受験のことでいえば学科試験も必要だそうなので明らかに必要ないもののみ処分して美術関係のことも収納できるように準備し始めていた。
(美術とはいえ学科もいるんだな…。)
漠然とそう思いながらも新しい生活への不安と期待を胸にしていた。
家族との相談の結果、まずは無料体験は行ってみていいんじゃないかと話が運び、六月の半ばにある体験講座に向かうことになった。資料の通りに予約し、いくつかの手続きを踏んだ。
八幡にもらったチラシには当日の持ち物が書かれてあったが、どれも見覚えのないものばかりでわかるのは鉛筆とカッター、ティッシュもしくはガーゼという項目のみだった。

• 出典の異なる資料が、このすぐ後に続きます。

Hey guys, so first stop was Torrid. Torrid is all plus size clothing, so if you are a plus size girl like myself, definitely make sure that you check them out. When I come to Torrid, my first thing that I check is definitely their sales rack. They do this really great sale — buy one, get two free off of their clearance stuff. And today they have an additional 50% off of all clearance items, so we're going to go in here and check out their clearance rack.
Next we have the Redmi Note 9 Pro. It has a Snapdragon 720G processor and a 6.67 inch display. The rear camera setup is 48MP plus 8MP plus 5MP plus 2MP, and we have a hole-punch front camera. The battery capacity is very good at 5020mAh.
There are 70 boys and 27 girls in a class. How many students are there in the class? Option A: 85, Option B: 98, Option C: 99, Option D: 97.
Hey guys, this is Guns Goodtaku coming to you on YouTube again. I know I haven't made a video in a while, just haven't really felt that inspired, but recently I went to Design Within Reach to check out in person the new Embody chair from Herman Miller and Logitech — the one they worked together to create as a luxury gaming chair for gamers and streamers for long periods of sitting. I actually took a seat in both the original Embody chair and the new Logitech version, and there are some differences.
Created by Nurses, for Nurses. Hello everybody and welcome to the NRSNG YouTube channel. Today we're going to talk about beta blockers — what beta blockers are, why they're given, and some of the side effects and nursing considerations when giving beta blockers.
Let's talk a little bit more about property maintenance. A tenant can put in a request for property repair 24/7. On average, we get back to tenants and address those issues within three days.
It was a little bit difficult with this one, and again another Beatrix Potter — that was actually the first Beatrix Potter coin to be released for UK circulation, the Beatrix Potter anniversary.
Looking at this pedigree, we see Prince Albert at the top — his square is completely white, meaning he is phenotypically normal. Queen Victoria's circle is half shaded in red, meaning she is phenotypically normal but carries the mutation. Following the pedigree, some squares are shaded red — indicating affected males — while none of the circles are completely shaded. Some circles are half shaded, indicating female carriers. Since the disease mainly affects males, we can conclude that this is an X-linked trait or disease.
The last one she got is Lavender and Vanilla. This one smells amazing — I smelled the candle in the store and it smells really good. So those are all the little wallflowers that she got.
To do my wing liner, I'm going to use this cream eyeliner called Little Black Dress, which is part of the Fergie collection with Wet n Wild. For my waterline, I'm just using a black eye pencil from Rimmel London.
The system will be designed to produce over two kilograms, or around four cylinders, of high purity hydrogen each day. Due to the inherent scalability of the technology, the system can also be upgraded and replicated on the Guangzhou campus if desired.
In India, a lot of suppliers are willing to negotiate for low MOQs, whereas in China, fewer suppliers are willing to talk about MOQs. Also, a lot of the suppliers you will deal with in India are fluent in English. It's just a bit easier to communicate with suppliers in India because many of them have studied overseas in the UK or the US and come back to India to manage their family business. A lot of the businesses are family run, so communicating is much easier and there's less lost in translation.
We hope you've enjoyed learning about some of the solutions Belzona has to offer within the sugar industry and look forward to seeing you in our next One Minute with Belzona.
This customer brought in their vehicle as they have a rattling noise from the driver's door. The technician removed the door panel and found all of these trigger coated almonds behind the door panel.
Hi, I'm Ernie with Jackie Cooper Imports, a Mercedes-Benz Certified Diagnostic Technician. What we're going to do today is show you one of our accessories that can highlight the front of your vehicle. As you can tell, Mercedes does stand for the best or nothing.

何に使うのかさえもよくわからず、講義の際のメモ書きかなと解釈し持ち物に書かれた通りできる範囲で準備した。
◇
当日、緊張しながらも朝の九時半に桜田美術学院に到着した。十時から開始だそうなので少し余裕はある。全く右も左もわからないまま訪問ということは依然として変わらないが、今回は『美術予備校生になる』という事実をもっていることで少し自信をもって門をくぐることができた。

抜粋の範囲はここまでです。